NewConnect
- Type: Stock exchange
- Location: Warsaw, Poland
- Founded: 2007
- Owner: Warsaw Stock Exchange
- Currency: PLN
- No. of listings: 376
- Indices: NCIndex NSX Life Science
- Website: newconnect.pl/en-home

= NewConnect =

Stock exchange located in Warsaw, Poland

NewConnect is an alternative stock exchange allowing smaller companies to float shares. It is run by the Warsaw Stock Exchange. The exchange is conducted outside the regulated market as a multilateral trading facility.

Compared to the main market of Warsaw Stock Exchange, NewConnect offers lower costs for floated companies, simplified entrance criteria and limited reporting requirements.

The exchange maintains two indices, which measure the performance of listed companies: the broadly composed NCIndex (which comprises all companies listed on the NewConnect) and NSX Life Science (which comprises the companies from pharmaceutical and biotechnology sectors).

==History==
The first session took place on August 30, 2007.
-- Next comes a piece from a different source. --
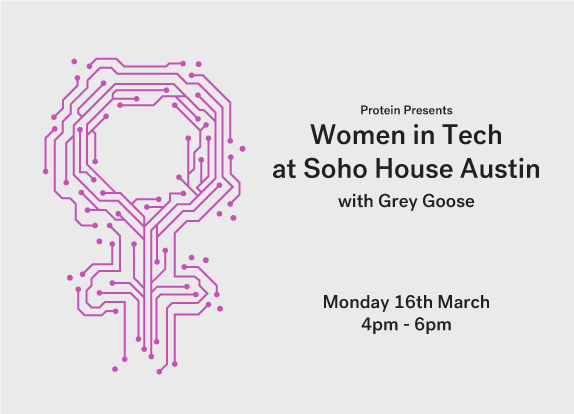 Protein Presents: Women in Tech at SXSW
NewConnect was modelled on the basis of the British Alternative Investment Market and Nordic First North alternative share markets. Its aim was to provide financing and place of exchange for shares of smaller companies that listed on the main market of the Warsaw Stock Exchange.

==List of companies==

As of November 2021, there were 376 companies listed on the NewConnect with a market capitalisation of PLN 18.862 billion. Almost all of the listed companies are based in Poland with only 4 being foreign.